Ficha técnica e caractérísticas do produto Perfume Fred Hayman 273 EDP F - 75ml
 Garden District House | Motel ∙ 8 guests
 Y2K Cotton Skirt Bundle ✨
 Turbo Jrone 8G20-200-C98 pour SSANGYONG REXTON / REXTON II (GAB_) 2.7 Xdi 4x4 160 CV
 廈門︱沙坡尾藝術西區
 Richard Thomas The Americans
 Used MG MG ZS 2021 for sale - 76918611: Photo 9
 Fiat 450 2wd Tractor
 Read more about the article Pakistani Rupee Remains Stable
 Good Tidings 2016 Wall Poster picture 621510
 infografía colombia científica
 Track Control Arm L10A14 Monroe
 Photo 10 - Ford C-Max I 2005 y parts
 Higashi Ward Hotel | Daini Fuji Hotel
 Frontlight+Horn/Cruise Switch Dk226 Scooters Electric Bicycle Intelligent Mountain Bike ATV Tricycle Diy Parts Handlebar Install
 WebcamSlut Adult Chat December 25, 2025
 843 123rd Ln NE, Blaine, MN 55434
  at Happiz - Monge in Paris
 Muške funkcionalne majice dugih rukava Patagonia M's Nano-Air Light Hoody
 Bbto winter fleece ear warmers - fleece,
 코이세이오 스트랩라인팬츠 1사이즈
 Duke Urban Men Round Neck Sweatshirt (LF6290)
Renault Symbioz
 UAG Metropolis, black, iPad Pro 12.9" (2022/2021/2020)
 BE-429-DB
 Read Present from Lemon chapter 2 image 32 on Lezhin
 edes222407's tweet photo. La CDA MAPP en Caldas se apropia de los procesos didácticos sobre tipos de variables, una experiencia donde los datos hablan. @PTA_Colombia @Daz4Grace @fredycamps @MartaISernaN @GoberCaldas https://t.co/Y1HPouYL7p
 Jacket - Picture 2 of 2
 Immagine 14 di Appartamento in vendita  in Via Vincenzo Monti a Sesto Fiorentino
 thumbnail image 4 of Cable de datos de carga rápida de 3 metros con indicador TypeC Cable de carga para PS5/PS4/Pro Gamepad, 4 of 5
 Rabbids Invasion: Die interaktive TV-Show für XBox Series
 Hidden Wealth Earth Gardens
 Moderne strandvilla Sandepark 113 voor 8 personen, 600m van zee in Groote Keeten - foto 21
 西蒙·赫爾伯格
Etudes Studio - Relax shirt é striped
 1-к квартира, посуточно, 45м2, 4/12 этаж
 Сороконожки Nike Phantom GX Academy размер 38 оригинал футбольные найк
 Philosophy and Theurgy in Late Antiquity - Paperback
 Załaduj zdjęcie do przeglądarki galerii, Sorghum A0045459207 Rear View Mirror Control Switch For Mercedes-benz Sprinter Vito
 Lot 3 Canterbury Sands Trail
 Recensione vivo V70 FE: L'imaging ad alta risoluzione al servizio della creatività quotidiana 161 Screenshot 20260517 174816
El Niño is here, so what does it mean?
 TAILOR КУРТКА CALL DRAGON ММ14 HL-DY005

- **Task objective**:
State how many lines in the entries hold "Control". Nothing should come before or after the number.

- **Output**:
2